Peygamber Efendimiz (asm) bir hadislerinde, “Helâk edici yedi şeyden sakının” buyurdular ve bu yedi şeyi şöyle sıraladılar: “Allah’a şirk koşmak, sihir yapmak, haksız yere bir cana kıymak, faiz ve yetim malı yemek, düşmana hücum esnasında savaştan kaçmak, iffetli mü’min hanımlara zina isnadında bulunmak”2

Bir diğer hadislerinde Peygamberimiz (asm), büyü yapan kimsenin Allah’a şirk koşmuş olacağını3, bir başka hadislerinde ise, sihre inanan, onun doğruluğunu tasdik eden kimselerin Cennete giremeyeceklerini bildirmişlerdir.4

Her Şey İnsana Teshir Edilmiştir

Kur’ân geçmiş milletlerin yaptıkları sihirlerden bahseder. Meselâ Firavun’un sihirbazlarının yaptıkları sihirler karşısında Hazret-i Mûsâ’nın (as) asasının mutlak galibiyetini zikreden Kur’ân, bu galibiyet üzerine sihirbazların secdeye kapanarak: “Âlemlerin Rabb’i olan Mûsâ ve Hârun’un Rabb’ine inandık” dediklerini beyan eder.5

Hazret-i Süleyman’ın (as) cinleri, asi şeytanları ve kötü ruhları Allah’ın izniyle teshir ettiğini ve emri altına aldığını beyan eden Kur’ân6, insanı bütün yeryüzünün halifesi ilan eder. Yeryüzünün halifesi, bütün her şeyin kendisine teshîr edildiği, sihri, hükmü ve emri her şeye geçen insan demektir. Bu teshîr âyetlerinin tefsîrinde Bedîüzzaman, beşerin ubûdiyet vazîfesini unutmamak şartıyla; gerek ses, görüntü ve madde nakliyle, gerekse cinleri, ifritleri ve âsî şeytanları teshir etmek suretiyle yeryüzünün her tarafının her yerden görüldüğü ve her köşeden bütün seslerin işitildiği bir “bahçeye” çevrilmesinin mümkün olacağını kaydeder.

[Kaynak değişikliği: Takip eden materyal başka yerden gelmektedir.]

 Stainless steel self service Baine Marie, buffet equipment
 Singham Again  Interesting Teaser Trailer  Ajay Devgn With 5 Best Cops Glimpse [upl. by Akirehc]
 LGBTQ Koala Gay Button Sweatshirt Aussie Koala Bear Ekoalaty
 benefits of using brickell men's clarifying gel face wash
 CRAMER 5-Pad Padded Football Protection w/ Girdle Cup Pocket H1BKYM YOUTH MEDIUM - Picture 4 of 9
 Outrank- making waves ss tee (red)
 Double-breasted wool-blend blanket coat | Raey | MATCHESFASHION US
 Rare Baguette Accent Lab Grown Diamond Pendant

Saîd Nursî Hazretleri, Hazret-i Süleyman’ın (as) cinleri, şeytanları ve kötü ruhları teshîr ettiğini, şerlerini men edip faydalı işlerde istihdam ettiğini ilgili ayetlerle nazara verdikten sonra; yeryüzünün insanlardan sonra şuur sahibi en mühim sekenesinin cinler olduğunu, cinlerin insana hizmetkâr olabileceğini, cinlerle temas edilebileceğini, şeytanların da düşmanlığı bırakmaya mecbur edilerek, ister istemez insanlığa hizmet ettirilebileceğini beyan eder. Ve bu ayetlerin insanlığa remzen: “Ey İnsan! Bana itaat eden bir kuluma cinleri, şeytanları ve şerirlerini itaat ettiriyorum. Sen de Benim emrime musahhar olsan, çok mevcûdât, hattâ cinler ve şeytanlar dahi sizlere musahhar olabilirler, emrinize girebilirler” tarzında hitap ettiğini kaydeder ve insanlığın maddî-manevî hassâsiyetinden tezahür eden ispirtizma ve cinlerle haberleşme gibi hâdiselerin en nihayet hududunu bu ayetlerin çizdiğini beyan eder.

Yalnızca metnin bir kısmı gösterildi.